Using the data beneath this instruction, retype only the lines from the one that contains "Suíte de casa" down to the one that contains "Keen Connect Fit", both included, exactly as they appear.

[Records from a collection]
※
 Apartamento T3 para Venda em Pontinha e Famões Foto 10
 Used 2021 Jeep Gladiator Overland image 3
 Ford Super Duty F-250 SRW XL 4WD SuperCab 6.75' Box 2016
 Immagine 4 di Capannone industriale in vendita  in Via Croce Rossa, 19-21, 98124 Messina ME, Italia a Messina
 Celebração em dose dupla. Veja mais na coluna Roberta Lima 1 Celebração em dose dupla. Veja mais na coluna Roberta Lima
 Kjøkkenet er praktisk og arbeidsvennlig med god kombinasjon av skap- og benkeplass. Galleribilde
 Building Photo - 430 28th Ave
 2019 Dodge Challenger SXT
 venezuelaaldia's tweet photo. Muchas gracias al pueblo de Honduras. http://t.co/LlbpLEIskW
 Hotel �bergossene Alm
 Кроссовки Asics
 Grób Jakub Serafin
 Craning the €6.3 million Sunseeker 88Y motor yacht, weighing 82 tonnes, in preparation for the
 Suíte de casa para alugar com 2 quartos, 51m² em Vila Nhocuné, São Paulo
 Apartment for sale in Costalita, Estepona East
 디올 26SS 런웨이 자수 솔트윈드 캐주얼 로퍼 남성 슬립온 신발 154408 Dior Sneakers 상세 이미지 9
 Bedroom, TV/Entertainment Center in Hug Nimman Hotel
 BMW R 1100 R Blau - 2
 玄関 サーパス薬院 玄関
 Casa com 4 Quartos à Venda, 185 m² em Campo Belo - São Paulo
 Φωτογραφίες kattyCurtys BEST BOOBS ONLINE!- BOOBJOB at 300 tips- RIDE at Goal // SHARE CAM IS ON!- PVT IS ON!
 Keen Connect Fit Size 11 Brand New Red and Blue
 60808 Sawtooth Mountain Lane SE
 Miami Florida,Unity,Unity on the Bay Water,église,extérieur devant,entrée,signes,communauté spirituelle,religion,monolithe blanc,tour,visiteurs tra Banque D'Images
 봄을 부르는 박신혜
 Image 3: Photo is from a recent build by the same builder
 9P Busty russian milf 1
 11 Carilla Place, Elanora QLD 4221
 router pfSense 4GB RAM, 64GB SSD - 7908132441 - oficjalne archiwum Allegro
※
*Result*.
 Suíte de casa para alugar com 2 quartos, 51m² em Vila Nhocuné, São Paulo
 Apartment for sale in Costalita, Estepona East
 디올 26SS 런웨이 자수 솔트윈드 캐주얼 로퍼 남성 슬립온 신발 154408 Dior Sneakers 상세 이미지 9
 Bedroom, TV/Entertainment Center in Hug Nimman Hotel
 BMW R 1100 R Blau - 2
 玄関 サーパス薬院 玄関
 Casa com 4 Quartos à Venda, 185 m² em Campo Belo - São Paulo
 Φωτογραφίες kattyCurtys BEST BOOBS ONLINE!- BOOBJOB at 300 tips- RIDE at Goal // SHARE CAM IS ON!- PVT IS ON!
 Keen Connect Fit Size 11 Brand New Red and Blue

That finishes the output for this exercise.